> _YOUR GOAL_
Using the records below, write out only the lines from the line containing "Sulaikomas girtas jonavietis" up to and including the line containing "Used 2022 BMW", exactly, with no pictures.

INFORMATION SHOWN Start Marker

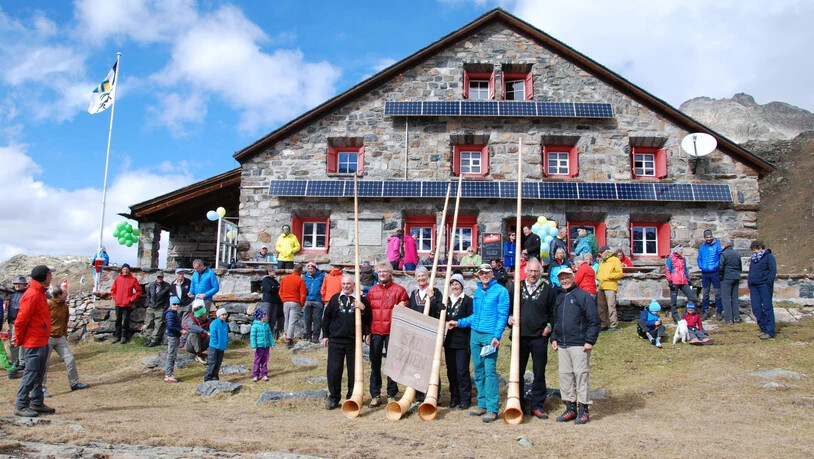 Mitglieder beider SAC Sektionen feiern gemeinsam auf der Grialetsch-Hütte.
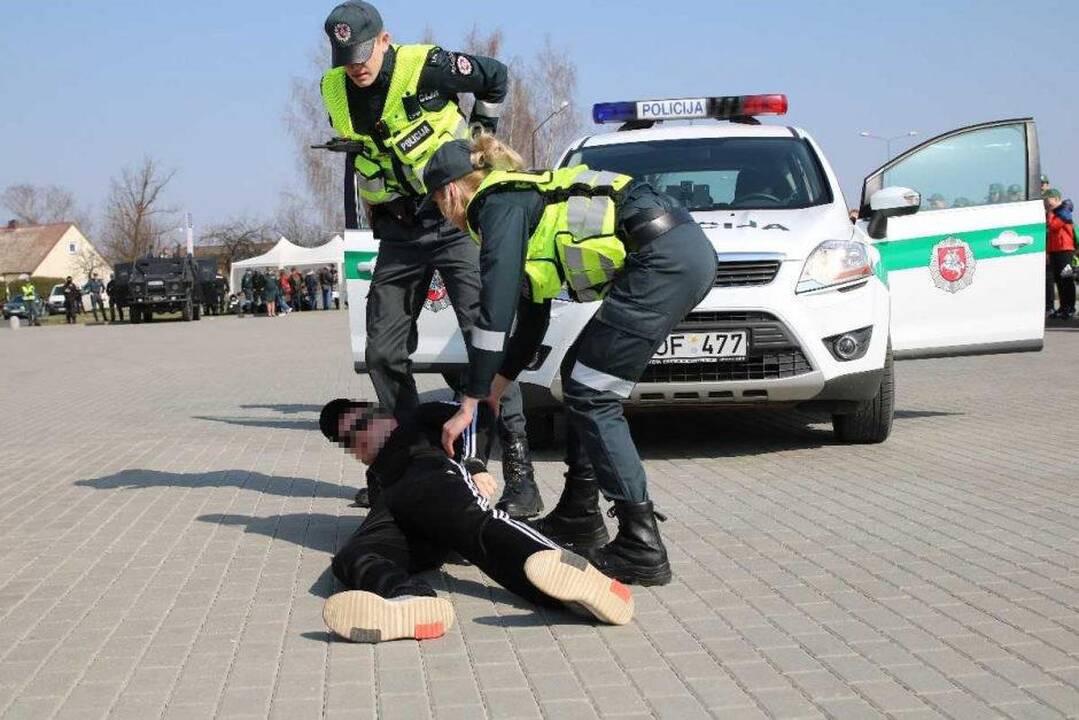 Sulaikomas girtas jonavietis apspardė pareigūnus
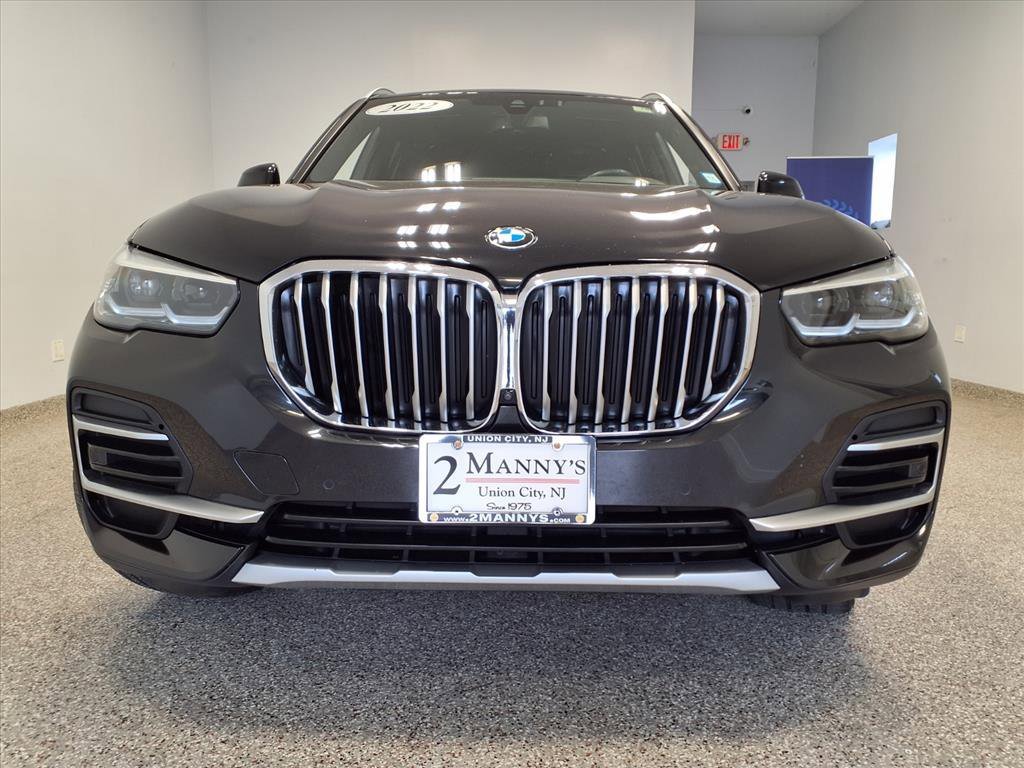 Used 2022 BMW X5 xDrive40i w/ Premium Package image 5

INFORMATION SHOWN End Marker
INFORMATION SHOWN Start Marker

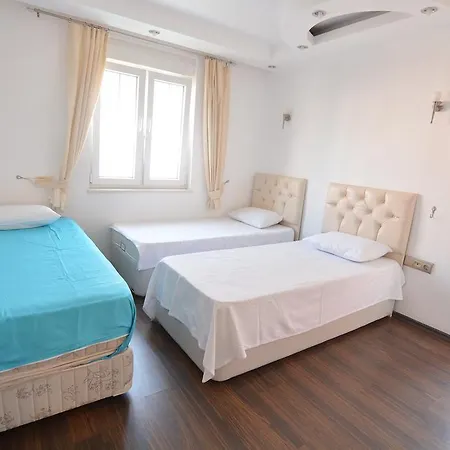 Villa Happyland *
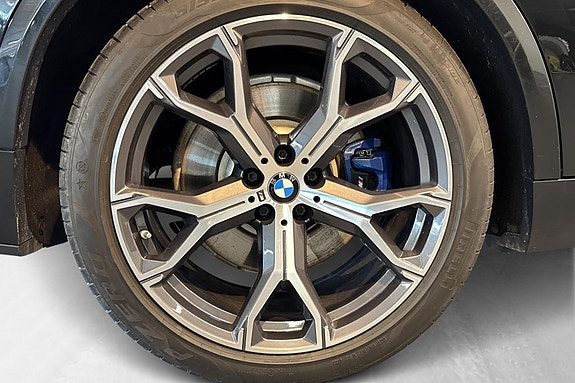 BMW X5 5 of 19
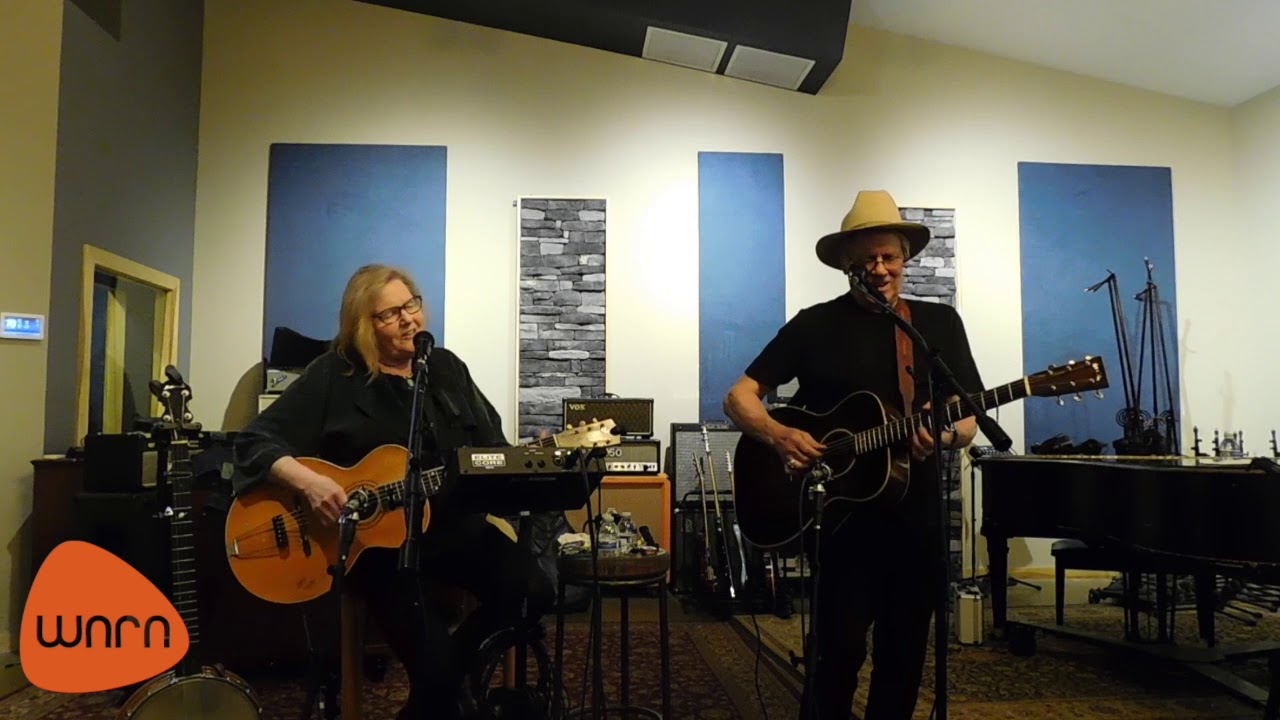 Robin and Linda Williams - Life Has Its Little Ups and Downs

INFORMATION SHOWN End Marker

> _WRITTEN RESPONSE_
 Sulaikomas girtas jonavietis apspardė pareigūnus
 Used 2022 BMW X5 xDrive40i w/ Premium Package image 5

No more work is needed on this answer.